Given information -
= = =

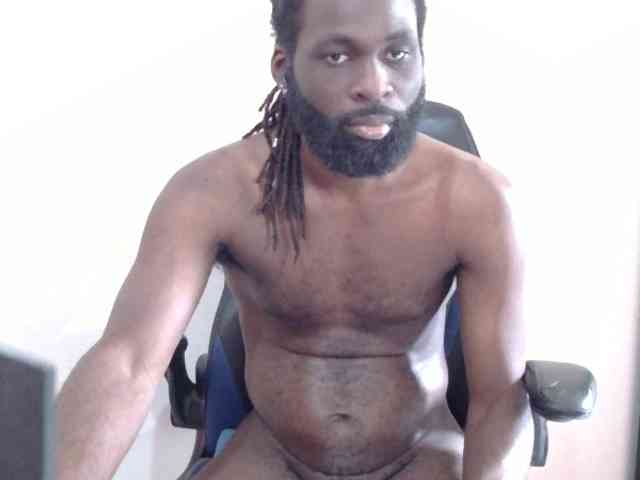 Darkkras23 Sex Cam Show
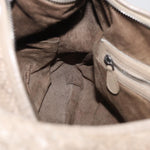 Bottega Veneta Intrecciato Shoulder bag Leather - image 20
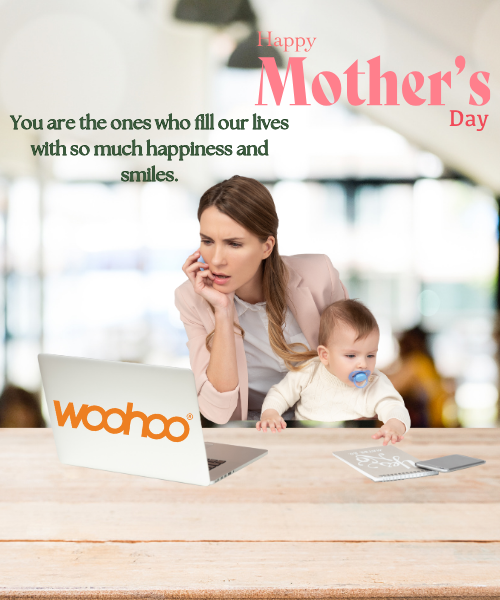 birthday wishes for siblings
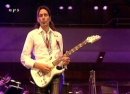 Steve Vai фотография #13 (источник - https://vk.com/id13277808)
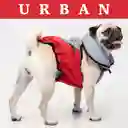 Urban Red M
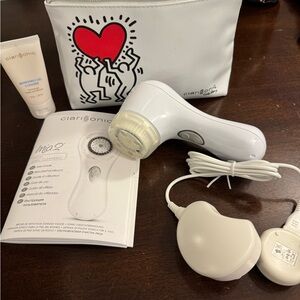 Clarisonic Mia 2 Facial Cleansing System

= = =

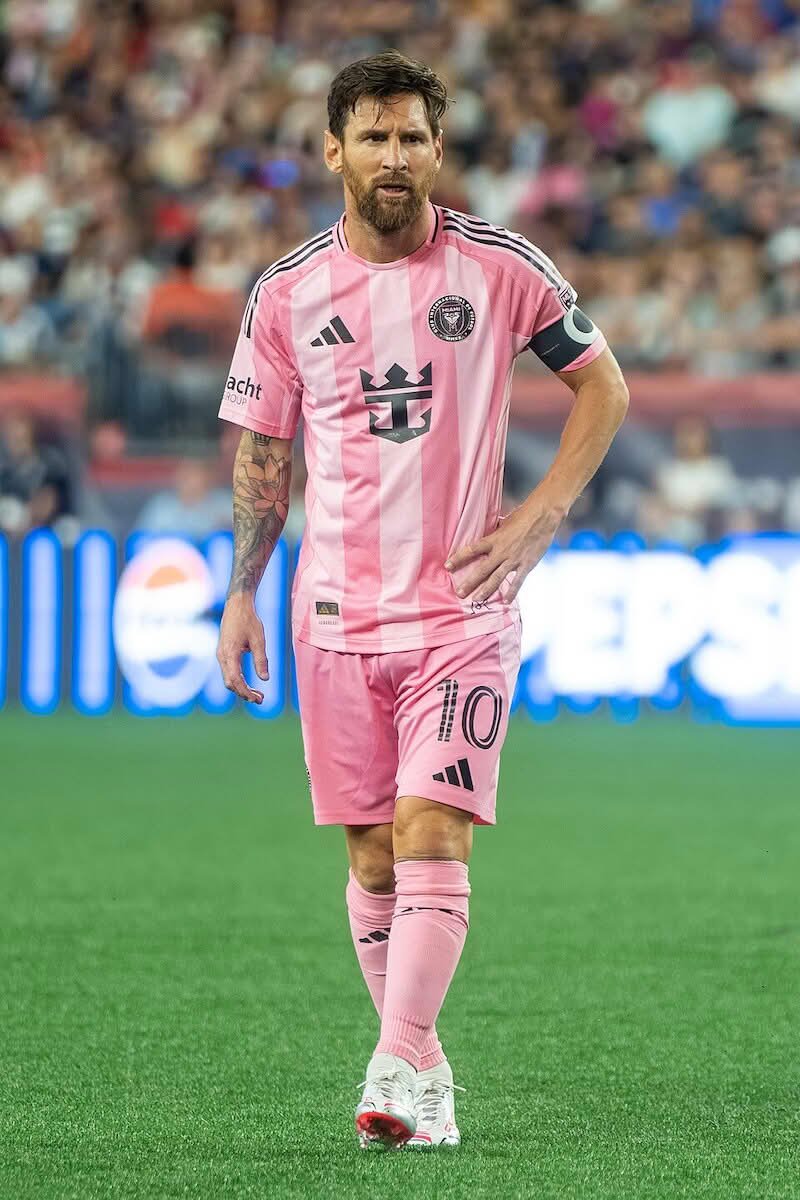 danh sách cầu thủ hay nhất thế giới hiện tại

= = =

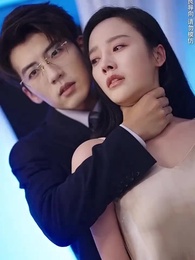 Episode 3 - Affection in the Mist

= = =

Aim of the exercise - Look above for the line with "Darkkras23 Sex Cam Show", then print it and each line after it down to and including the line with "Clarisonic Mia 2 Facial Cleansing System". Leave out the pictures and keep the wording exact.

Completed exercise -
 Darkkras23 Sex Cam Show
 Bottega Veneta Intrecciato Shoulder bag Leather - image 20
 birthday wishes for siblings
 Steve Vai фотография #13 (источник - https://vk.com/id13277808)
 Urban Red M
 Clarisonic Mia 2 Facial Cleansing System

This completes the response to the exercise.